Reproduce exactly the lines below, starting at the line that contains "Oldtimer-Traktor typu John" and ending with the last line of the records, both included; leave out any pictures.

** Entries provided follows **

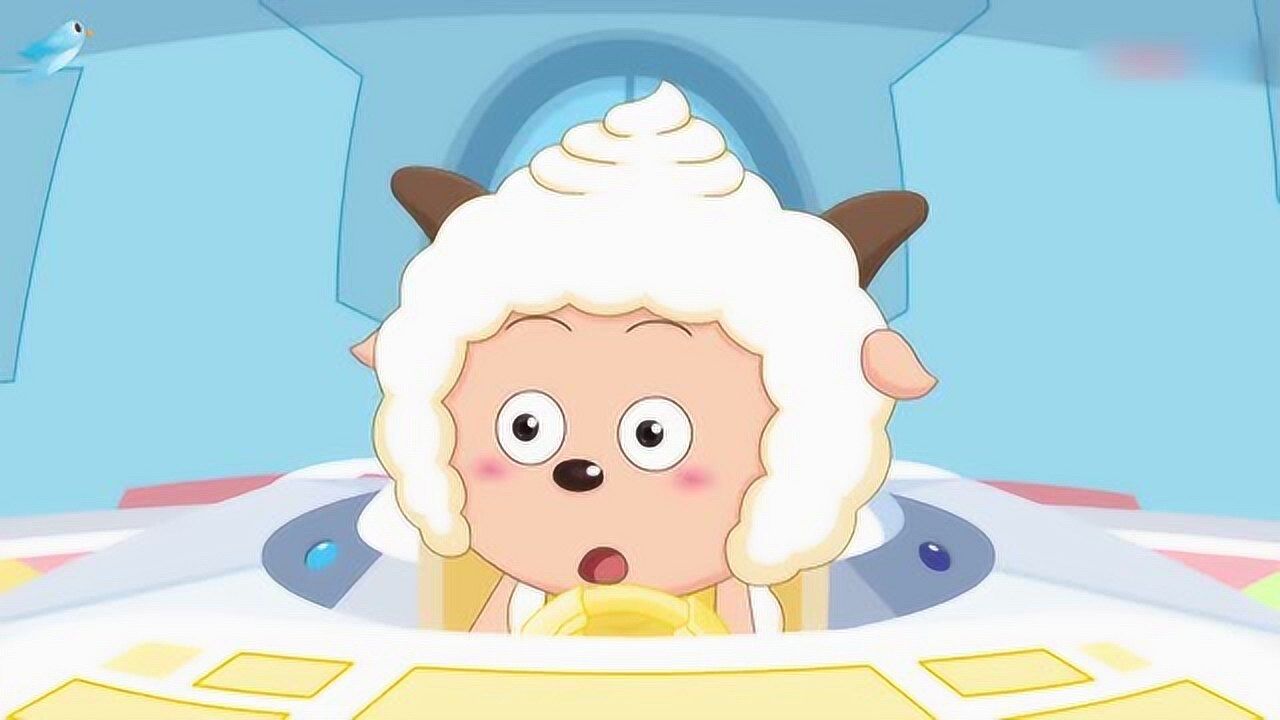 喜羊羊与灰太狼之奇幻天空岛:懒羊羊惊讶的小眼神在看什么呢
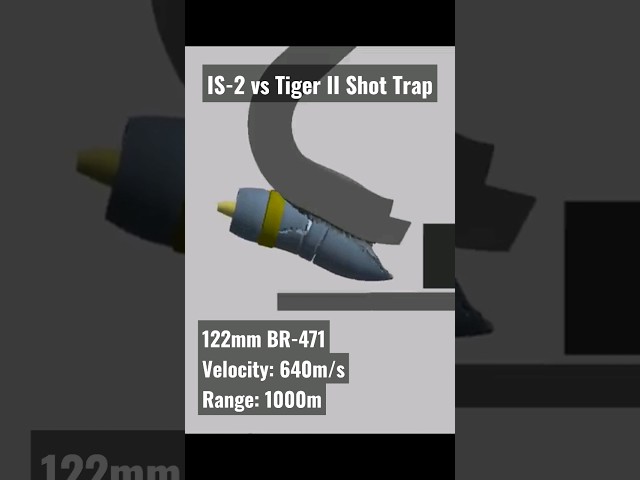 THE TIGER II's BIGGEST WEAKNESS | TIGER II Shot Trap #simulation #tank #ww2 #warthunder #top #fyp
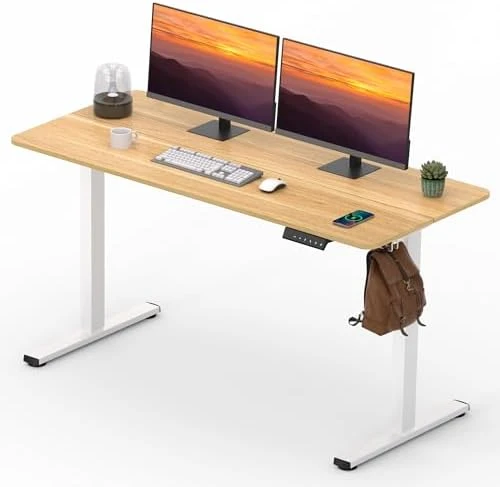Large Height Adjustable Standing Desk with Cable Management — Standing Desk, FitStand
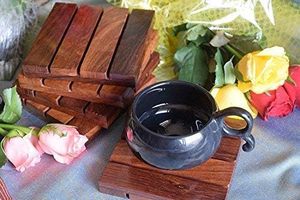 Wooden Bar <b>Coasters</b> <b>for</b> Hot & Cold <b>Drink</b>-Decorative Cocktail <b>Coasters</b>- Crafted from Seasonal Wood-Square Shape <b>Coaster</b> - Product Image 3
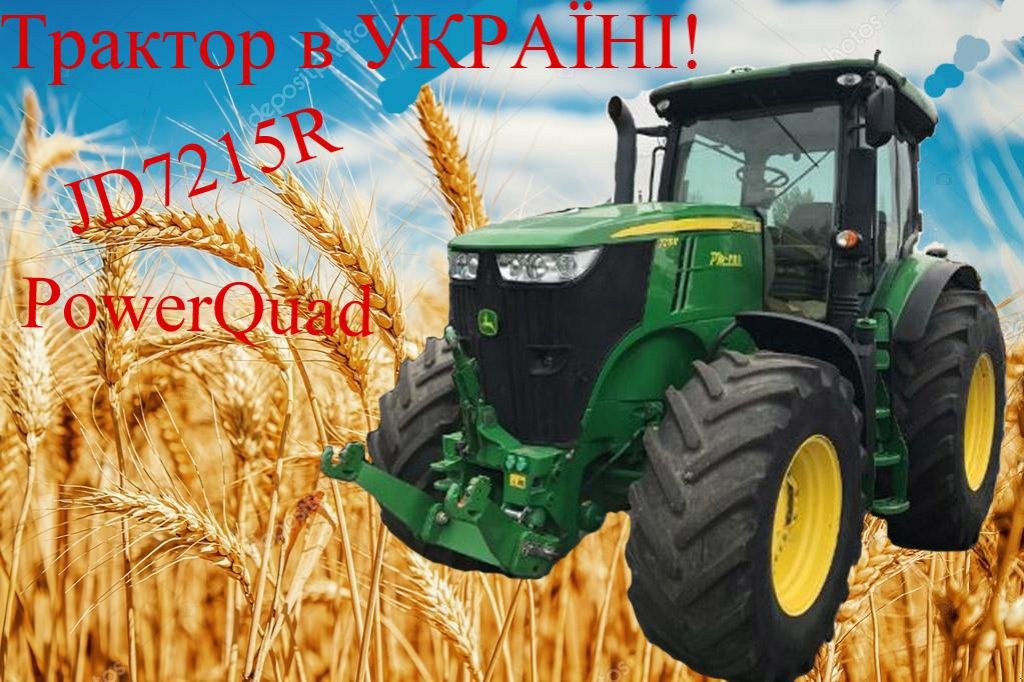 Oldtimer-Traktor typu John Deere 7215R, Neumaschine v Черкаси (Obrázek 1)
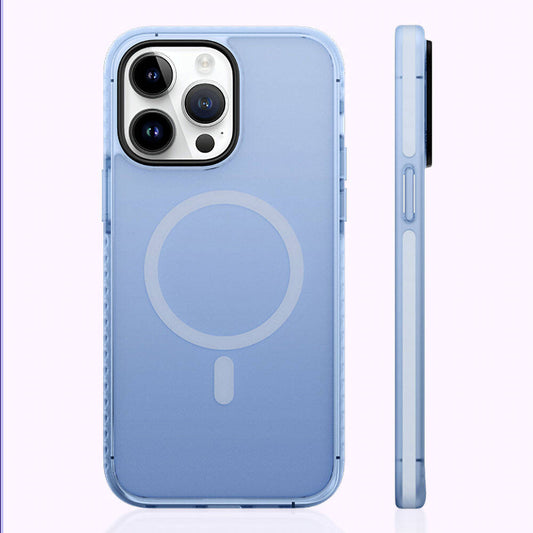 Apple iPhone 14 Pro Max Kılıf M-safe Şarj Özellikli Mat Arka Yüzey Benks Drop Resistance Kapak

** End of Entries provided **

_Answer area:_
 Oldtimer-Traktor typu John Deere 7215R, Neumaschine v Черкаси (Obrázek 1)
 Apple iPhone 14 Pro Max Kılıf M-safe Şarj Özellikli Mat Arka Yüzey Benks Drop Resistance Kapak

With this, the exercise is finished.